The addresses in the output of this script point directly to pieces of memory that Warden doesn't want you to mess with which may be variables or pieces of code. This is valuable information because you can now jump to these addresses and mess with the relevant code to create your own hacks - Warden has told you where the code of interest is!

Bypassing Detection

After following along with the previous sections, you now have a list of fun memory addresses that other cheat developers have been messing with. You can't just begin using these addresses, though; you'll get banned. The reason that you have these addresses is because Warden already knows about them. Using these addresses to cheat with is guaranteed to get you banned.

The main use of these addresses is to point you directly to code of interest so that you can modify that code too, but in a different way that Warden doesn't know about.

Let's say you visit a memory address 0xDEADBEEF which you've gathered from your list of scans. If you see that the instruction at 0xDEADBEEF is test eax, eax, you can be confident that the conditional here (or one very closeby) does something interesting that Warden doesn't want you to mess with. In this particular example, Warden wants to verify that the code at this address contains test eax, eax. Maybe Warden knows of an existing cheat which will replace it with something else and cause the function to behave differently?

Let's go back to looking at the Lua protection code from earlier because that may be something you're now familiar with. We know that Warden is scanning at this particular address because some other cheat was found to be modifying the bytes there to unlock Lua. If we look at the code at around 0x494a57, we can determine that this instruction falls at the beginning of a function. It is placed right after a test eax, eax and the result of this comparison will determine whether or not execution will be blocked. All we have to do to bypass Warden's scan is to manipulate the result without touching the code that's scanned. In this particular case, replacing the test eax, eax with an xor eax, eax will stop the Lua protection from happening when we invoke things. I don't really know why Warden isn't scanning this memory address because it seems like the easiest one to modify but the important thing is that it doesn't show up in a scanner.

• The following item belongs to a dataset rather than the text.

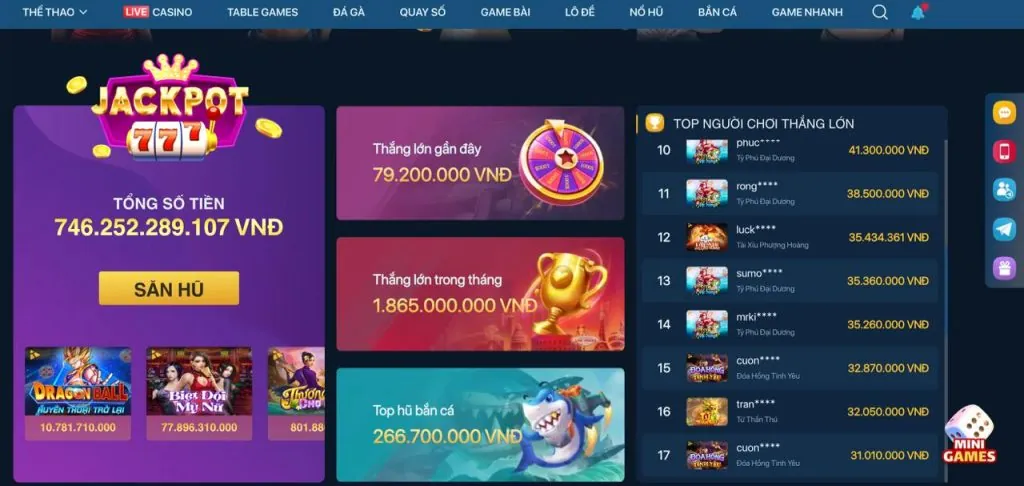 Các chương trình khuyến mãi 88clup Android
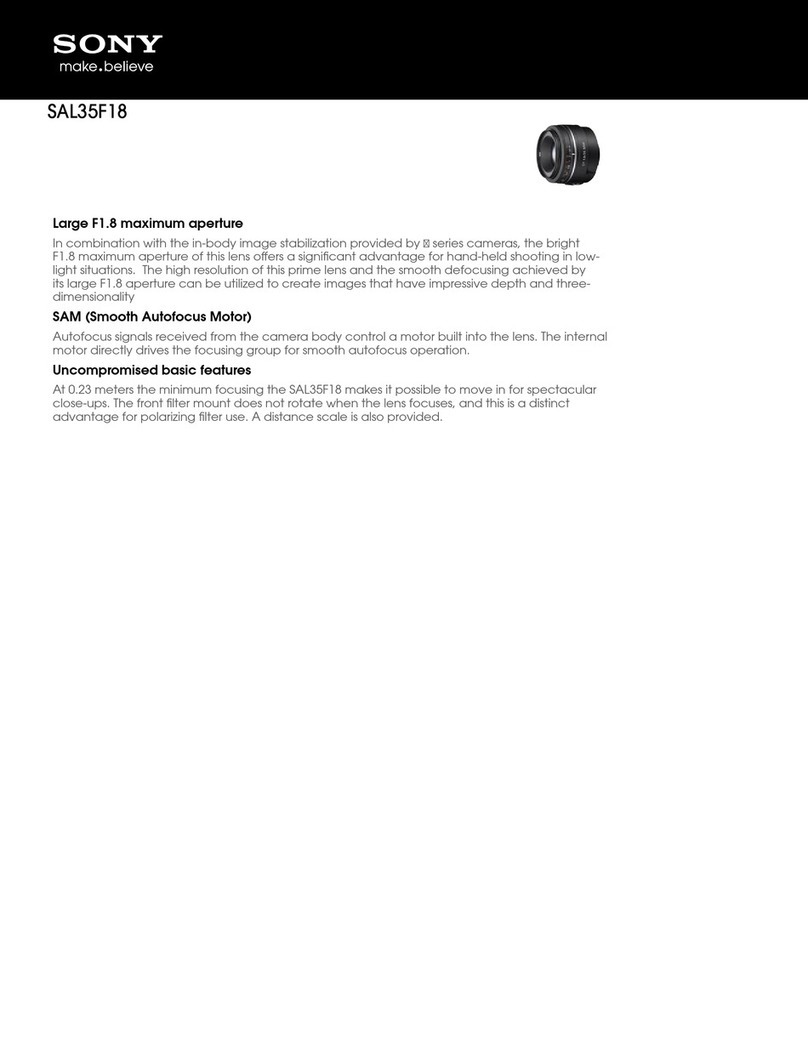 Sony SAL-35F18 User manual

Note: You can double check if an instruction is scanned the same way as we did to find the Warden scanner - I advise that you do this first before you wind up banned for modifying something you didn't know was scanned.

To demonstrate this better, I made a short YouTube video where the above should become clear:

The technique used in the video will apply to all of the addresses you just dumped too, but I won't detail the necessary asm modifications because otherwise there will be servers full of cheaters… It's really simple to do though.

Caveats

The main downside to this technique is that you most likely have no idea what you are modifying when you do so unless you do a little bit of reversing around the function in question. This results in some trial and error with the things you mess with - Did your modification change something obvious, or do you have to wait until your character is supposed to be damaged before it will become clear? Of course you can clarify this a little by doing something like hooking the containing function of this instruction. If the function is called at fixed rate like 60 times per second and seems to be independent of framerate, this could very well be a physics calculation for example.